I recommend that you read "The Cathedral and the Bazaar" by Eric Raymond.
Thank you for your help Steve!
I've checked out a lot of Raymond's essays, and found them quite useful. The Cathedral and the Bazaar seems to ultimately be about the two kinds of software (open and "closed" source) in terms of economics models (eg software development for business). (Although he does break from the larger picture on occasion, like to mention that software code is based on a programmer's desire to "scratch an itch.")
What I'm mostly interested in is the people side of open source. How are people who use open source different from MS users (apart from the obvious technical problems with MS and not wanting to be a sheep under the watchful eye of Mr. Gates, the shepherd)? How is the Linux community a distinct entity, not just in terms of software, but as a social group? Are the foundations of the community really as political as they seem?
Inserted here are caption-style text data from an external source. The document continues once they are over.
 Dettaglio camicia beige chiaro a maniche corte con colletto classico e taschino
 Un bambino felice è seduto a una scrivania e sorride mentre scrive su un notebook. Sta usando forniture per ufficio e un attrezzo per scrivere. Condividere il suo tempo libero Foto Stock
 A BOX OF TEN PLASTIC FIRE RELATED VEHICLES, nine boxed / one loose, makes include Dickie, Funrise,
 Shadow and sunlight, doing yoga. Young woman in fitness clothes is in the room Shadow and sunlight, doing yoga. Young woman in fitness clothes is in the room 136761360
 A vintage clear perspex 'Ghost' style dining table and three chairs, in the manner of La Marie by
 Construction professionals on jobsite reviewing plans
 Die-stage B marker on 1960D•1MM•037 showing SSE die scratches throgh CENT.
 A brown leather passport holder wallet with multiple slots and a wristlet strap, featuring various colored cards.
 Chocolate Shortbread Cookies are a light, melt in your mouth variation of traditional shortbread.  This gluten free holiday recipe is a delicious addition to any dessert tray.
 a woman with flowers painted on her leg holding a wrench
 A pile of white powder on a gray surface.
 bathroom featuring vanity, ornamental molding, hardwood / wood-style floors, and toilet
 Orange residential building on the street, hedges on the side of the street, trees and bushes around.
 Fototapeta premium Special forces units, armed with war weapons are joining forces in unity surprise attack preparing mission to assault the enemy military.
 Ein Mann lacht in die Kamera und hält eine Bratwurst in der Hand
Originally posted by jschiwal
I think the collaborative design model should be emphasized more then the free part. You might want to look at how this is a byproduct of the internet.
Absolutely! That is what makes the linux community so interesting. Instead of what one might think of as a traditional social group, which would involve mostly face-to-face interaction, the linux community is almost solely a product of online groups such as the one we're on now. This seems to be one of the many changing faces of social interaction. It also seems unique that linux people are so consistantly supportive and helpful with people that they likely will never actually meet. How do you find the interactions you have with people online to be different from those you would have in more traditional contexts?
Interesting thread. I can't speak of the bigger picture, only from personal experience..
I came to Linux partly by chance - I was thoroughly cheesed off with Windows ME's unreliability and happened on a magazine cover disk featuring Mandrake 9. Out of curiosity I installed it.. then found that I had lots of tools available for my web design studies - Apache, PHP, etc. And I also found that I could do a day's work without rebooting..
The biggest thing, though, was the tremendous support from the community in this forum and one or two others - I really needed that help in the beginning, and was heartened by the sheer enthusiasm and sense of 'community'.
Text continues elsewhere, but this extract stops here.